Assuming the Referer header is available, the system will then collect which domain + page the image was embedded into.


Cardinality

Because the system records so little information about the requests, there's a strong possibility for simultaneous requests to overwrite one another.

To counter this, the system generates a unique request id based upon Nginx internal information

ngx.var.connection, -- Nginx connection ID
ngx.var.connection_requests, -- how many requests have used this connection
ngx.var.pid -- pid of Nginx

This yields an ID of the form

3316936-1-28791

Whilst this prevents points overwriting one another, it also results in extremely high cardinality within the database.

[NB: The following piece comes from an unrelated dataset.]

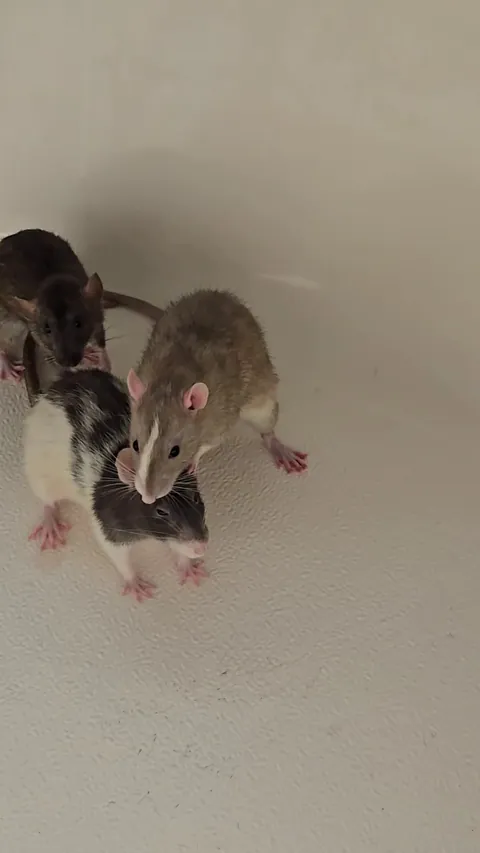 Rats acting weird during introduction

This identifier should be stripped when downsampling with aggregates


Downsampling

The collected metrics can be downsampled with a simple Flux task

option task = {
    name: "downsample_hitcounter",
    every: 15m,
    offset: 1m,
    concurrency: 1,
}


out_bucket = "websites/analytics"
host="http://192.168.3.84:8086"
token=""

sourcedata = from(bucket: "telegraf/autogen", host: host, token: token)
    |> range(start: -task.every)
    |> filter(fn: (r) => r._measurement == "pf_analytics_test_pixel")
    |> drop(columns: ["sess"])
    |> aggregateWindow(every: 15m, fn: sum)
    |> map(fn: (r) => ({ r with
                _field: "hitcount",
        _measurement: "pf_analytics_pixel"
    }))
    |> drop(columns: ["_start", "_stop", "type"])
    |> to(bucket: out_bucket, host: host, token: token)